▶ _Data shown_

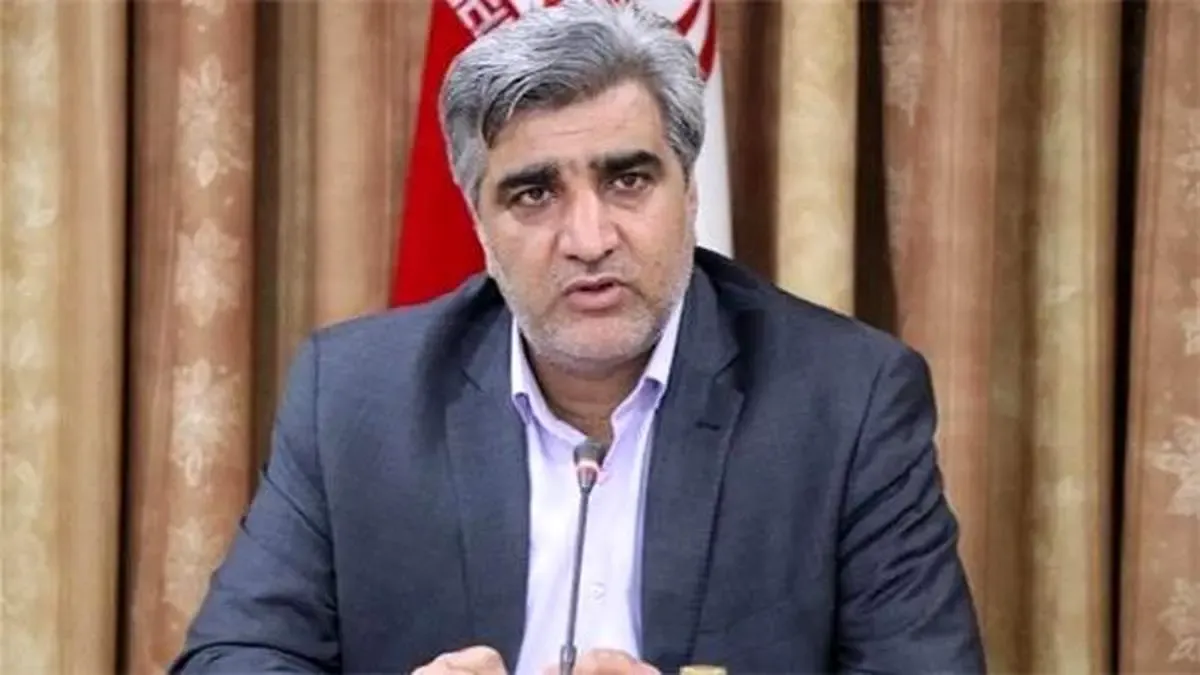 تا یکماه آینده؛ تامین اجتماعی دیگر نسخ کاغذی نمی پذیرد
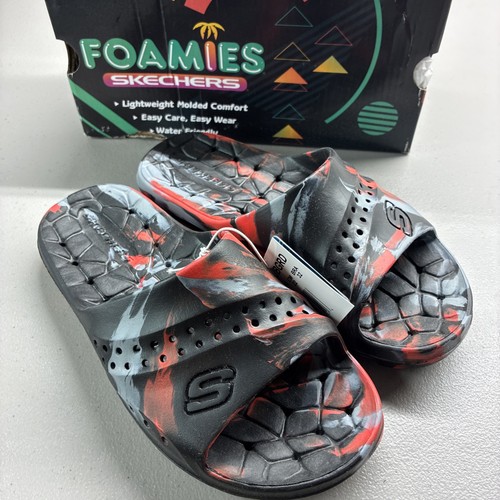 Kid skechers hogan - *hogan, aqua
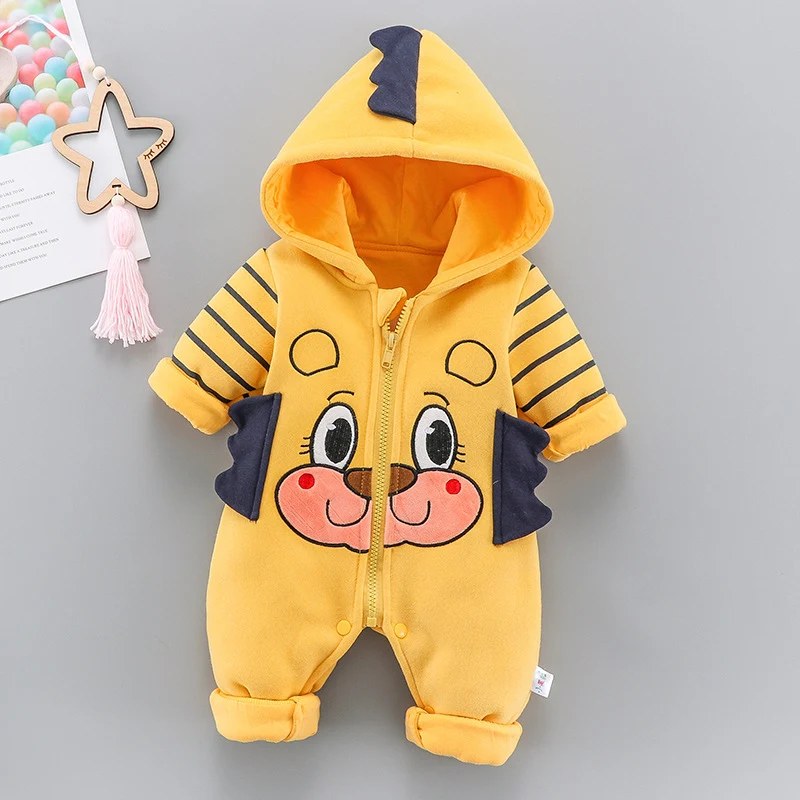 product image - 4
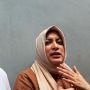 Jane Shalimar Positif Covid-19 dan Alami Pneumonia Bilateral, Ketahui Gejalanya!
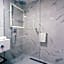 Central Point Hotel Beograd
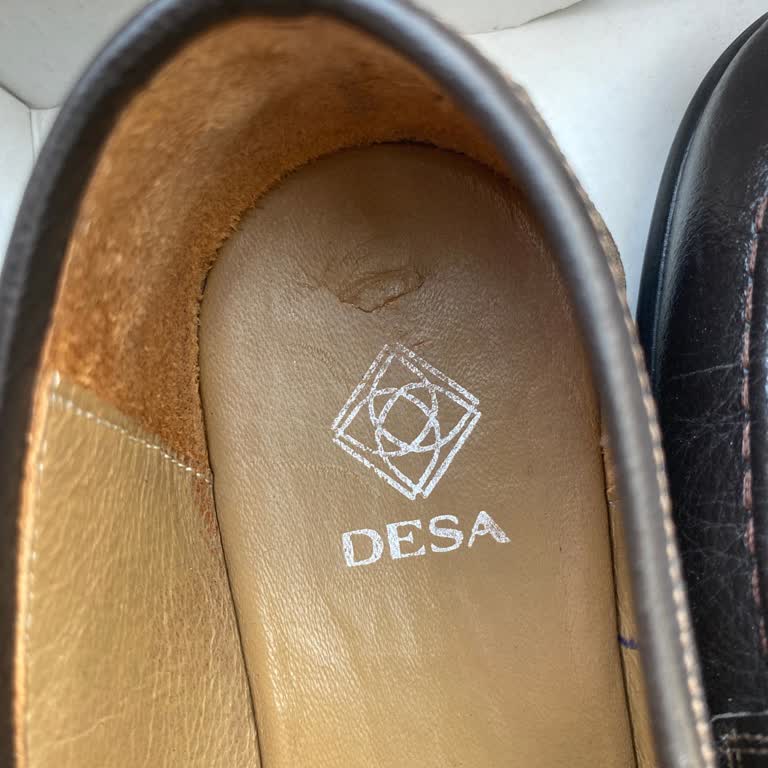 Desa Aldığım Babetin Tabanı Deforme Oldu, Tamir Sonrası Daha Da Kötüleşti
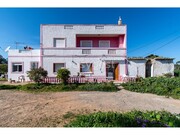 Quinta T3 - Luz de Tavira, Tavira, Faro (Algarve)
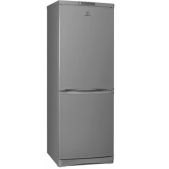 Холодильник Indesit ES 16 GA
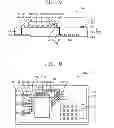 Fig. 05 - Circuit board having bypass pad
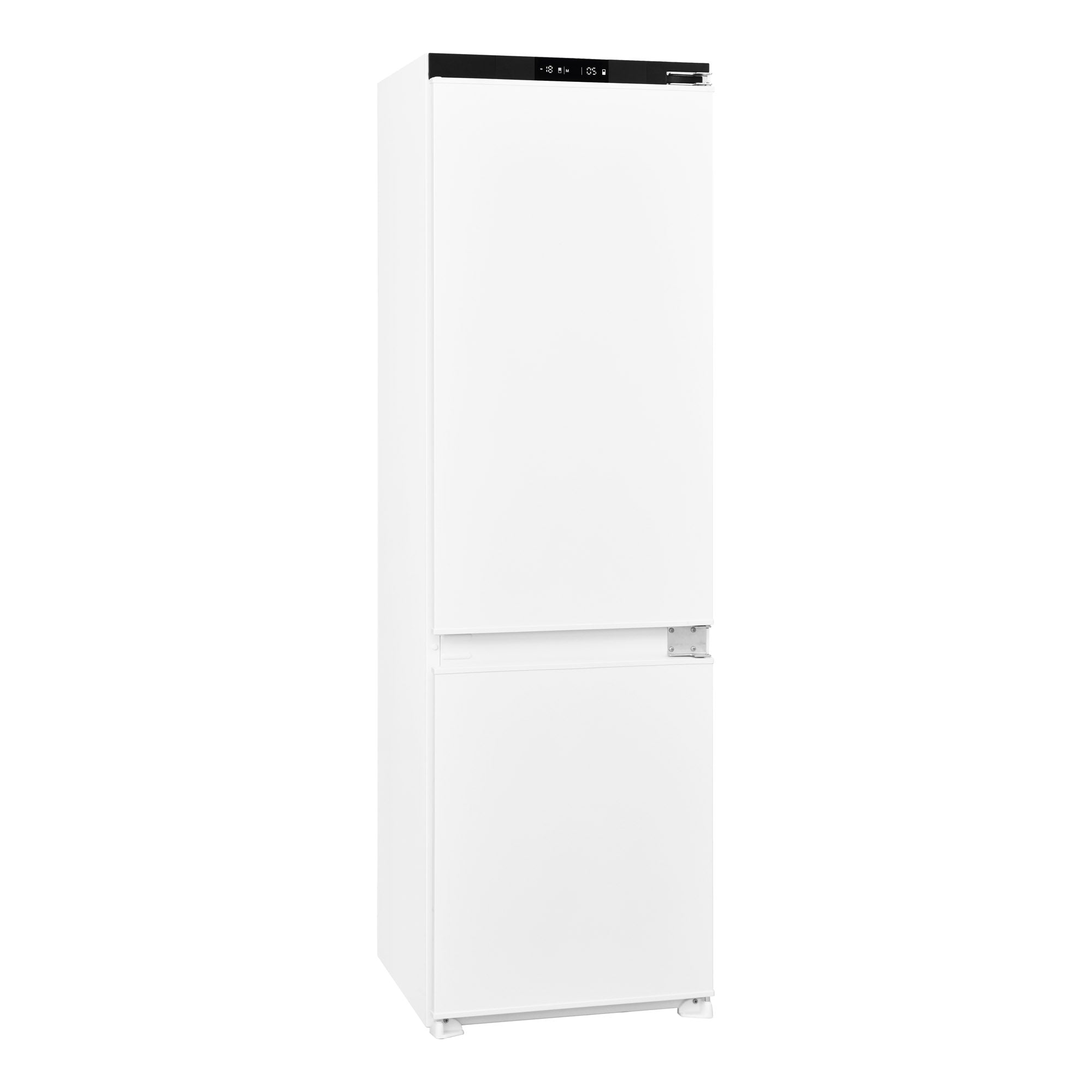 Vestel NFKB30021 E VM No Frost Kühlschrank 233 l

▶ _Your task_
The required output is each record above, reproduced exactly, without its pictures.

▶ _Your response_
 تا یکماه آینده؛ تامین اجتماعی دیگر نسخ کاغذی نمی پذیرد
 Kid skechers hogan - *hogan, aqua
 product image - 4
 Jane Shalimar Positif Covid-19 dan Alami Pneumonia Bilateral, Ketahui Gejalanya!
 Central Point Hotel Beograd
 Desa Aldığım Babetin Tabanı Deforme Oldu, Tamir Sonrası Daha Da Kötüleşti
 Quinta T3 - Luz de Tavira, Tavira, Faro (Algarve)
 Холодильник Indesit ES 16 GA
 Fig. 05 - Circuit board having bypass pad
 Vestel NFKB30021 E VM No Frost Kühlschrank 233 l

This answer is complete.